当時の時計界は、デカ厚ウォッチの人気のブームに火がついた初期で例えば、オーデマ ピゲのロイヤルオークや、パテック フィリップのノーチラスなどがそれにあたります。
これらの時計の共通点はサイズが大きいことと高級ブランドでありながらも、ステンレスで作られており、新しく台頭してきた若い人たちの好みや、ライフスタイルを取り入れたものでした。
そして、これらの時計はのちに『ラグジュアリースポーツウォッチ』と呼ばれるようになったのです。
しかし、当時のカルティエ社にはそれを補うことが出来るモデルが存在せず、何かのモデルを新しく刷新させる必要があったのです。
そんな中1978年、当時カルティエのマーケティング・マネージャーに任命されたアラン=ドミニク・ペラン氏は、伝説的な「サントス・デュモン」をベースに、手頃な価格のスポーツウォッチを作ることを思いつきます。
1975年から1998年までカルティエのCEOを務めたアラン=ドミニク・ペランは、1978年にスティールにゴールドのアクセントをあしらった手頃な価格のサントスを発表することを思い立った。(画像: theconnectedtable.com)
素材の融合で生まれ変わったカルティエ サントス
ぺランが考えたのは、ロイヤルオークやノーチラスの成功を元に、カルティエがこれまで時計に使用したことのない素材である、ステンレススチールを使った腕時計を作ることでした。
しかし、この新しい時計にラグジュアリー感を与えるため、ペランはステンレスにゴールドのアクセントを加え、リューズガードを備えたサントスを発表することにしました。
当時、ステンレスとゴールドの組み合わせは一般的ではなかったので、挑戦的な試みであったし、大胆な組み合わせだったと言えるでしょう。
このようにカルティエ社は、他社をお手本にしつつも自社の持つ強みを持って、この新しいトレンドの先陣を切った企業のひとつでした。
あまり知られてない事実ですが、サントスはツートンカラーの腕時計として誕生したのです。
デザインを見てみると、ベゼルのフレームとブレスレットのビスはゴールド製で、2つの異なる色の金属ですが上手く馴染みスポーティでありながらも、高級感が感じられます。

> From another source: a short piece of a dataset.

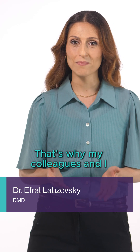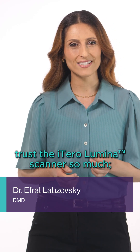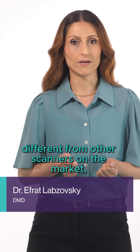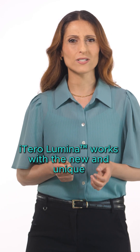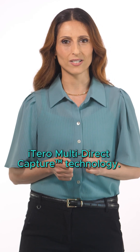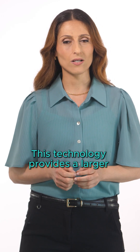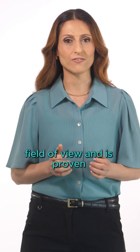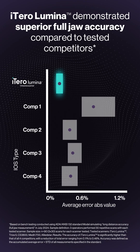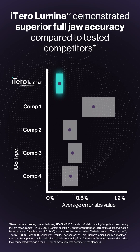That's why my colleagues and I trust the iTero Lumina scanner so much. Different from other scanners on the market, iTero Lumina works with the new and unique iTero Multidirect Capture Technology. This technology provides a larger field of view and is proven to deliver superior clinical accuracy compared to tested competitors.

サントスほどツートーンが似合う時計は、他社でもなかなか見かけることはないでしょう。
1978年、アラン=ドミニク・ペランの指揮のもと、カルティエが発表したツートンカラーのサントス(© George Cramer)
このような背景があり、新しくなったサントスは1978年10月20日に発表されました。
そして、このステンレスとゴールドの組み合わせは結果的に多くの顧客に求められるようになり、大成功を納めるのでした。
またその直後に、オールステンレス製モデルが発表され、こちらも大ヒットしサントスの人気は大幅に上昇したのでした。
1987年 サントス・ガルべの誕生
一般的に言われているのは、1987年に新しく誕生したのがサントス・ガルべという事実です。
それは事実なのですが、実はこれは1978年に誕生したサントスの延長線上にあるということなんですね。
実は1978年に誕生したサントスは、名前を変更して1987年にサントス・ガルべとして再出発となりました。
デザインはほぼ同じなのですが、それまでのサントスからは改良され、特にケースはオリジナルのサントスよりも曲線的で滑らかになり、手首にフィットするようになりました。
このケースが滑らかにカーブを描いていることで、『ガルべ』と名付けられておりこのガルべとはフランス語で『曲線』を意味します。
左がカルティエ サントス ガルベ、右が1978年発表のツートンカラーのサントス (© George Cramer)
そんな新しく刷新されたサントス・ガルべなのですがクォーツ・キャリバー、自動巻キャリバーを搭載した2つのモデルで展開されました。
では実際の時計を見てみましょう↓
画像でご覧頂くと、クオーツモデルと自動巻モデルはほとんど違いがないので、詳しくない方からすれば分かりにくいでしょうが、簡単に見分ける方法がデイト表示の場所になります。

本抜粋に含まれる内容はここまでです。